A linearized theory was also studied here, and while it agrees very well with the nonlinear results at early times, it ultimately ceases to be of relevance, because it cannot account for convection, which is crucial to the formation of plumes. The linearized theory is also available in the case when a Couette flow is established by the movement of the upper plate, but has not been discussed here because the algebra required appears to be overwhelmingly complicated, involving Airy functions and their roots. Our principal interest in the linearized theory was as an important check on the reliability of the algorithm for the nonlinear solution, but it may prove possible to extend the linearized theory to account for fluid motion.

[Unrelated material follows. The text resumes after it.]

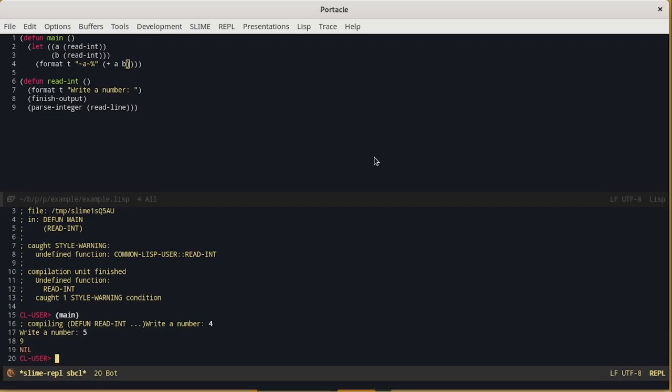because we have never stopped our function. We started the main, we met an error, we defined a new function and then we resumed the execution of the main where we left it. Next time we will explore more portacle features that could improve our developer experience.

The model used here involves Boussinesq theory, in which the fluid density is assumed to vary only very slightly from some constant background value. Here, the temperature served as a proxy for density, but in any event, variations in the density or temperature only appear in the buoyancy term in the fluid momentum equation, consistently with the Boussinesq approximation. In a recent paper, however, Walters et al. [Reference Walters, Turner and Forbes21] developed what they referred to as a “completed Boussinesq theory”, which retains the exact form of the Navier–Stokes equation and does not make this approximation concerning the fluid density. They found that Boussinesq theory could lead to exaggerated predictions about the degree to which the head of the plume overturns and rolls up, whereas their completed Boussinesq theory did not share that defect, instead agreeing closely with more accurate models. It is possible that Boussinesq theory may have exaggerated the extent of plume overturning here too, although that remains for future investigation to determine.